In The ClassicalAnd Contemporary Theatre Of Kerala

Dr. K.G. Paulose

Three ancient texts – Ramayana, Mahabharata and Bhagavata has moulded the mindset of Indians for centuries. Ramayana is the model for intra-domestic affairs, Mahabharata for
interaction with society and Bhagavata for spiritual purity. Mahabharata, unlike the other two, is not permitted to be used for regular chanting for fear of creating quarrel in the household. Mahabharata presents man as he is where as the other two depicts a sophisticated and idealized levels of living. It is precisely because of this that theatre likes Mahabharata more than anything else. The influence of Mahabharata on theatre is tremendous.

Bhasa and Kalidasa

Mahabharata has been a veritable source for Sanskrit dramatists to develop their themes. Bhasa and Kalidasa were the earliest playwrights who were inspired by the great epic.
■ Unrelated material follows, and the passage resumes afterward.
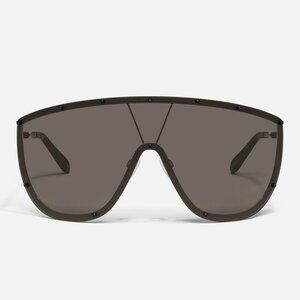 New Quay On Set Gold Frame / Black Lens Unisex Sunglasses SKU 75490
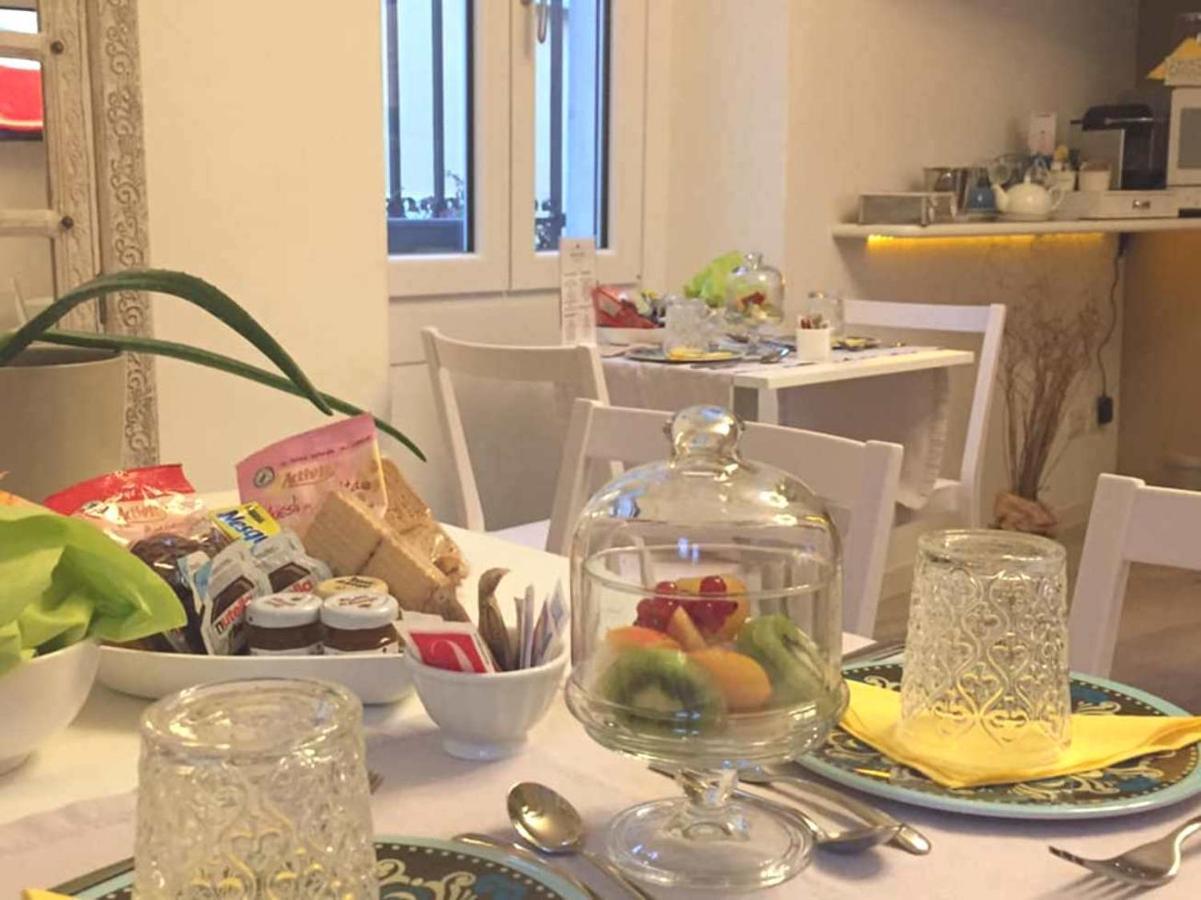 Residenza Elisa Bed & Breakfast Desenzano del Garda Exterior photo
Of the two, Bhasa revolted, often amending Vyasa by suitable substitutes and filling his silence with own interpretations. Kalidasa, on the other hand, often compromised to the epic narrative.

Bhasa was sympathetic towards the characters who were marginalized, neglected and condemned - Karna, Duryodhana, Gatotkacha, etc.. He made them heroes. Krishna, Dharmaputra or even Arjuna became pale in their presence. In Pancharatra Bhasa goes to the extent of suggesting an alternative to Vyasa. Vyasa tells us that there is no alternative to bloodshed to solve the Kuru-Pandhava feud. It is an indirect approval for warfare. But Bhasa amends and corrects that there are alternatives, the way of negotiations, peaceful settlements. The indictment here is on the pitamahas and acharyas. In spite of their having eyes they behaved like the blind father. Had they sincerely wished and worked, they could have avoided the horrible war. Bhasa envisioned a Mahabhara without a Kurukshetra! Bhasa was rebellious, and theatre liked this
rebellion. Kalidasa was soft. His Sakuntala differs not much from that of Vyasa, the minor changes brought about were by the compulsion of time. These two trends – the interpretative mood of Bhasa and the compromising tone of Kalidasa – are visible throughout the history of theatre; the greater influence of course, being that of the former.